А про Тур де Франс правда. Я ненавижу велосипедистов. Однажды мы реконструировали битву при Пуатье, и Магистр уже облачился в доспехи Черного Принца и воздел длань, дабы двинуть войска, и половина Ордена, наряженная англичанами, уже выстроилась в колонну, а тут эти лыжники… То есть велосипедисты. Произошло столкновение, и вся битва при Пуатье пошла к чертям.
Про памятник не комментирую.
А насчет Миранды Фогель… Ах, Урбанайтес, зря ты помянул Миранду, тебе это зачтется. Это она меня, между прочим… Ну да ладно.
– Человек состоит в Ордене Реконструкторов – этим все сказано, – закончил Потягин. – Он планомерно себя разрушает, пусть. Наше дело сейчас косить тростник…
Октябрина хихикнула.
– Что, Виталя, в глазах Лунные Карточки? – осведомилась она.

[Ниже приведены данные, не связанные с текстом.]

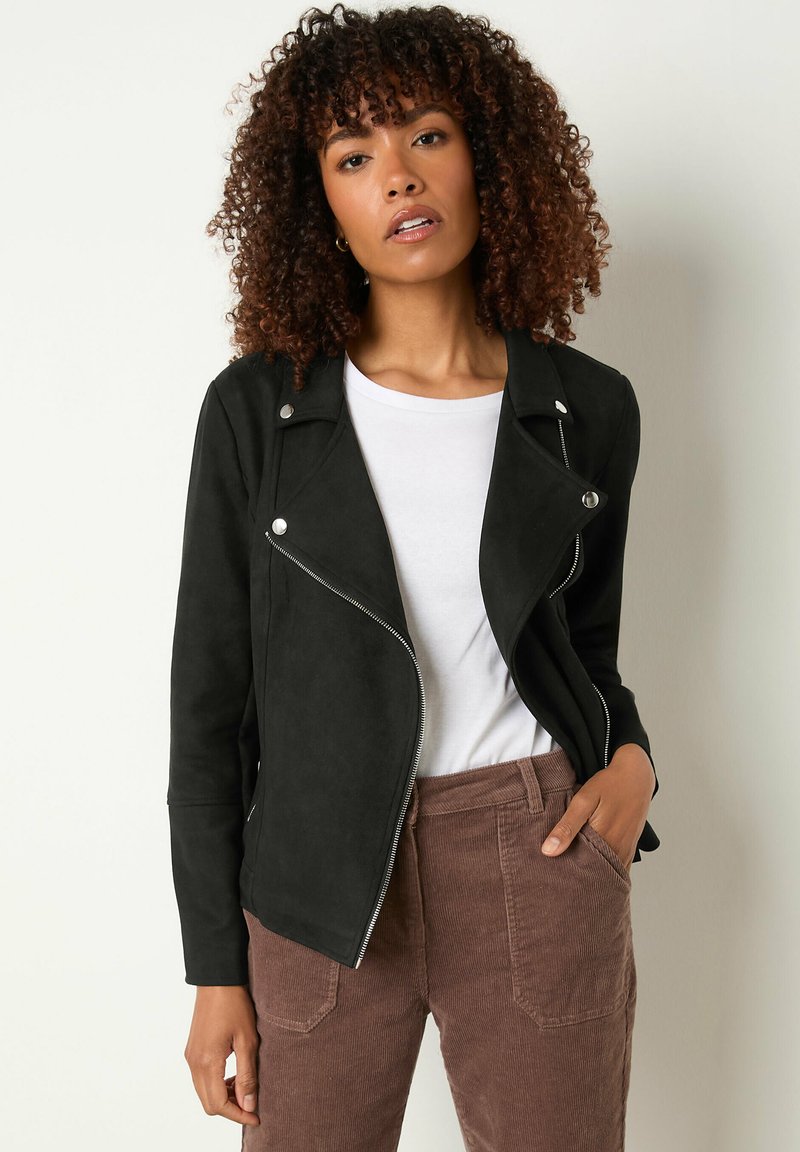 Giacca da moto in ecopelle scura con hardware argentato, zip asimmetrica e maniche lunghe; indossata sopra una camicia bianca e pantaloni in velluto a coste marroni.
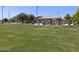 Green grassy park with covered pavilion and playground at 335 S San Fernando Ln, Casa Grande, AZ 85194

– При чем здесь Лунные Карточки? Просто мы должны доказать ему, что зла нет. При чем здесь Лунная Карта? Что ты привязалась? У тебя что, комплексы какие-то?
– Нет у меня комплексов!
– Ребята! – крикнул Урбанайтес. – Прекратите ругаться! Октябрина, ты сгущаешь…

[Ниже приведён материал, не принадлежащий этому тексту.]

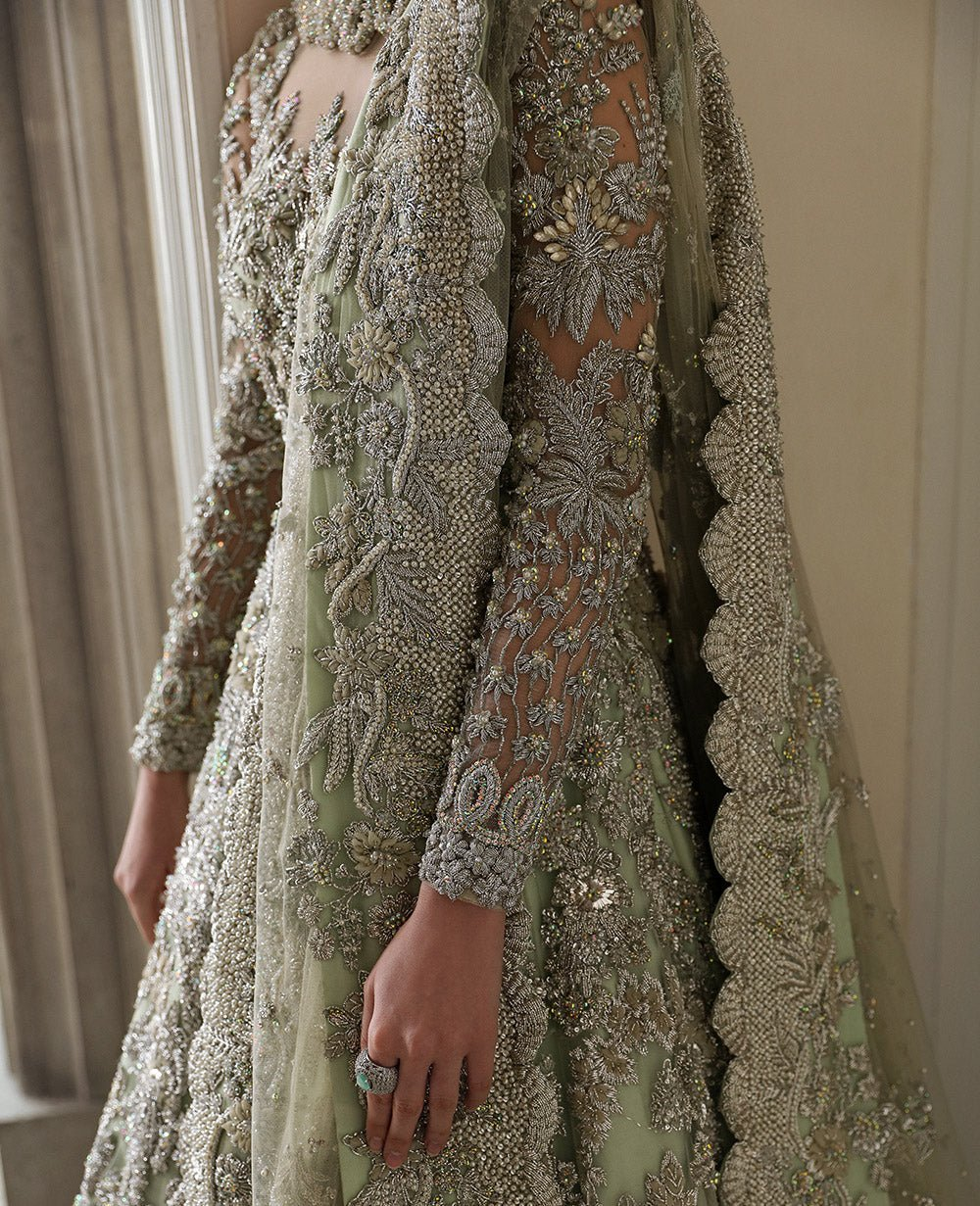 Pistachio green dress with intricate floral embroidery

– Вот и я говорю! – согласился Потягин. – Здесь совсем неплохо! Воздух, море, физкультура…
– Лунная Карта, – вставила Октябрина.
– А мне здесь уже надоело, – возразил Ахлюстин. – Мы попали в какую-то идиотскую ситуацию, причем сами себя в нее загнали. Вы как заставляете их работать?
– Какая разница, как их заставлять? – Урбанайтес говорил почему-то хрипло, наверное, голос потерял от крика. – Принципиальной разницы нет…
– Это тебе только кажется, – не согласился Ахлюстин. – На самом деле не все так безоблачно…
– Но дело-то идет, – возразил Потягин. – Я уже почти половину выкашиваю…
– Так у тебя же от этого мозги разъедаются! – воскликнул Ахлюстин. – Ты разве не понимаешь?!
– Да ничего у меня не разъедается, – обиделся Потягин. – Смотри.
Он что-то там продемонстрировал, не знаю, что именно, может, мозги, а потом продолжил:
– Так что тут все в порядке. Да вы что, ребята, все это всерьез, что ли, воспринимаете? Это ведь игра! Зато мы докажем этому психу!
– А ты уверен, что докажем? – спросил Ахлюстин.
– Вполне. А ты что, хочешь, чтобы наш клуб переименовали в «Дубраву»? Или в «Чугунную Дубраву»?
– Нет, не хочу. Просто не кажется тебе, что доказывать…
Они перешли на шепот, и некоторое время я ничего не слышал. Затем опять прорезалась Октябрина:
– …заставить его играть по нашим правилам!
– Вы что, не понимаете, что вы уже проиграли?! – это Ахлюстин.
А Ахлюстин, оказывается, опасный тип.
– Ладно, вы как хотите, а мне все это не нравится! – сказал Ахлюстин.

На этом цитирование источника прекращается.